INFORMATION PROVIDED:
((

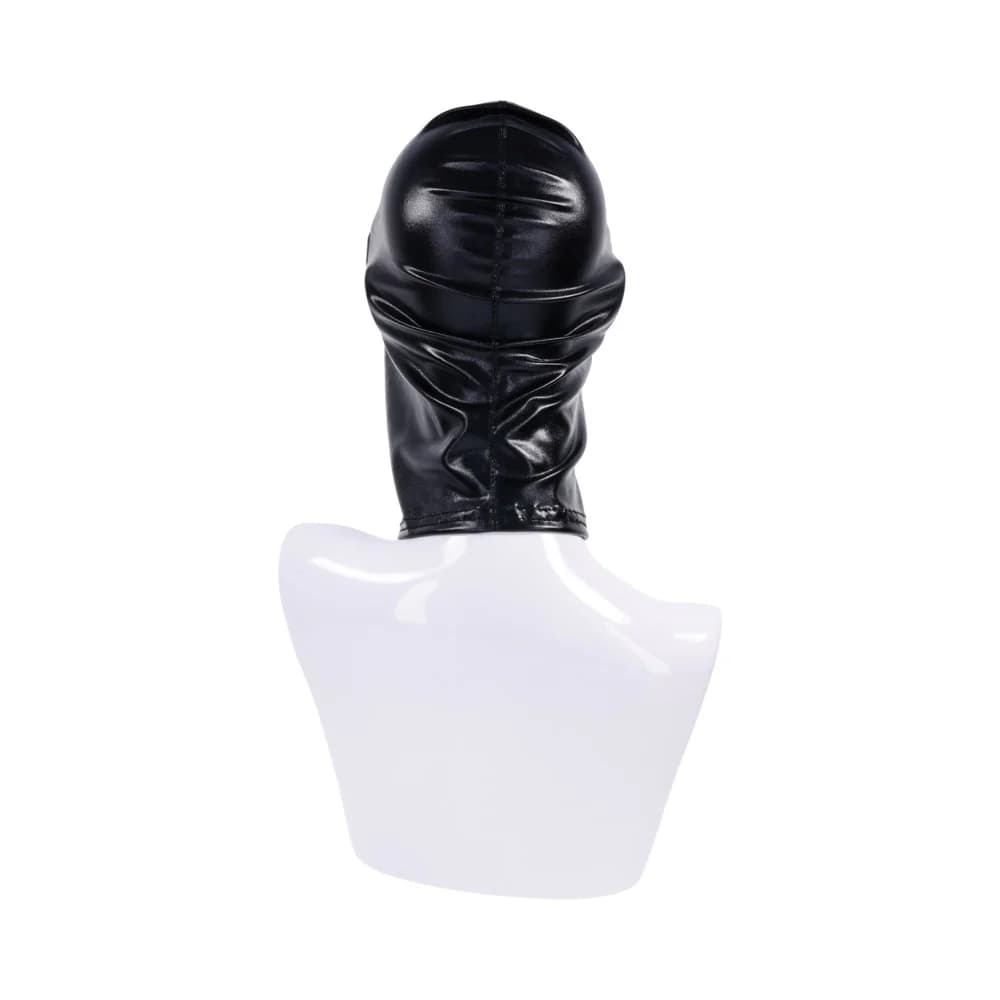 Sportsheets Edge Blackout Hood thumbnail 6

))
((

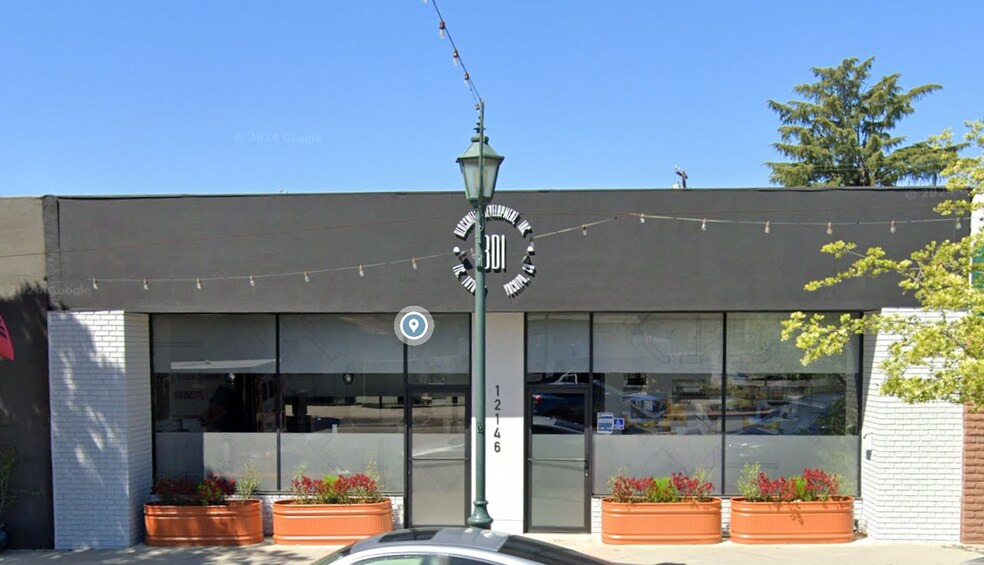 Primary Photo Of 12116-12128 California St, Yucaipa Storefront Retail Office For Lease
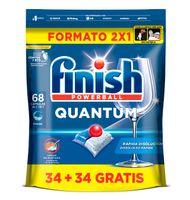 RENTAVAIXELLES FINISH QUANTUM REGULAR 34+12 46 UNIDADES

))
((

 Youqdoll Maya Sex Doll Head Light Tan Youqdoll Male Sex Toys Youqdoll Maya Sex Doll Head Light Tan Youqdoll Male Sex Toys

))

GOAL OF THE EXERCISE:
In the records above, find the line with "Primary Photo Of" and the line with "RENTAVAIXELLES FINISH QUANTUM"; please transcribe exactly those two lines and all lines between them, omitting any picture.

RESULT OF THIS TASK:
 Primary Photo Of 12116-12128 California St, Yucaipa Storefront Retail Office For Lease
 RENTAVAIXELLES FINISH QUANTUM REGULAR 34+12 46 UNIDADES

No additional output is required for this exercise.